--- DATA SHOWN Enclosed Below ---

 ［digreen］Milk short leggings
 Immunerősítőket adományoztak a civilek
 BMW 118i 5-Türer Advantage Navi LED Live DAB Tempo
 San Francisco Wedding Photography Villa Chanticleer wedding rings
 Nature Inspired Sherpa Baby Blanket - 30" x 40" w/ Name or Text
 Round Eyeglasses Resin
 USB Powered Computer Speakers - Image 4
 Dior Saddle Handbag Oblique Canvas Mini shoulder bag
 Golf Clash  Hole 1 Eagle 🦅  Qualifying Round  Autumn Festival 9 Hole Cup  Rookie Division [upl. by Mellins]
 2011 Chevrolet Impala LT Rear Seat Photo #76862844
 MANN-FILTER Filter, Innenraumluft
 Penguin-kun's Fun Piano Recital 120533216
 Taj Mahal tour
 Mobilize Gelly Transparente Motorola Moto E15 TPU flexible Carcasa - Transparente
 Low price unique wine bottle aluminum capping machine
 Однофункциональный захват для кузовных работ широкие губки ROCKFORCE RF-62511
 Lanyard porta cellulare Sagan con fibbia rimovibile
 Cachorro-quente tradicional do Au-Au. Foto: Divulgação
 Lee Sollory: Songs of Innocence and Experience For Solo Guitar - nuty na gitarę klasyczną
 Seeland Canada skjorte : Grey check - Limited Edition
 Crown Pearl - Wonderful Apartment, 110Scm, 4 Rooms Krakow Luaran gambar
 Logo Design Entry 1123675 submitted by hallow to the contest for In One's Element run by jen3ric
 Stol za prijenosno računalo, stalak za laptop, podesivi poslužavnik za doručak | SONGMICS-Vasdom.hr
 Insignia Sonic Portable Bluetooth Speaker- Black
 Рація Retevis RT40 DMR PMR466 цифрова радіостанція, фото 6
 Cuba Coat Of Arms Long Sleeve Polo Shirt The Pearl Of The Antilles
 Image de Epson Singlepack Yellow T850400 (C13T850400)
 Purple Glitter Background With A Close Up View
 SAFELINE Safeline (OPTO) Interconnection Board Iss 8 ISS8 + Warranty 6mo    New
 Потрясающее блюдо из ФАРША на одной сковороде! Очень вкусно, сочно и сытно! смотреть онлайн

--- End of Enclosed DATA SHOWN ---

**EXERCISE**
Scan the listing above for the line that has "Low price unique", then copy exactly from that line through the line that has "Stol za prijenosno".

**RESULT FOR THIS TASK**
 Low price unique wine bottle aluminum capping machine
 Однофункциональный захват для кузовных работ широкие губки ROCKFORCE RF-62511
 Lanyard porta cellulare Sagan con fibbia rimovibile
 Cachorro-quente tradicional do Au-Au. Foto: Divulgação
 Lee Sollory: Songs of Innocence and Experience For Solo Guitar - nuty na gitarę klasyczną
 Seeland Canada skjorte : Grey check - Limited Edition
 Crown Pearl - Wonderful Apartment, 110Scm, 4 Rooms Krakow Luaran gambar
 Logo Design Entry 1123675 submitted by hallow to the contest for In One's Element run by jen3ric
 Stol za prijenosno računalo, stalak za laptop, podesivi poslužavnik za doručak | SONGMICS-Vasdom.hr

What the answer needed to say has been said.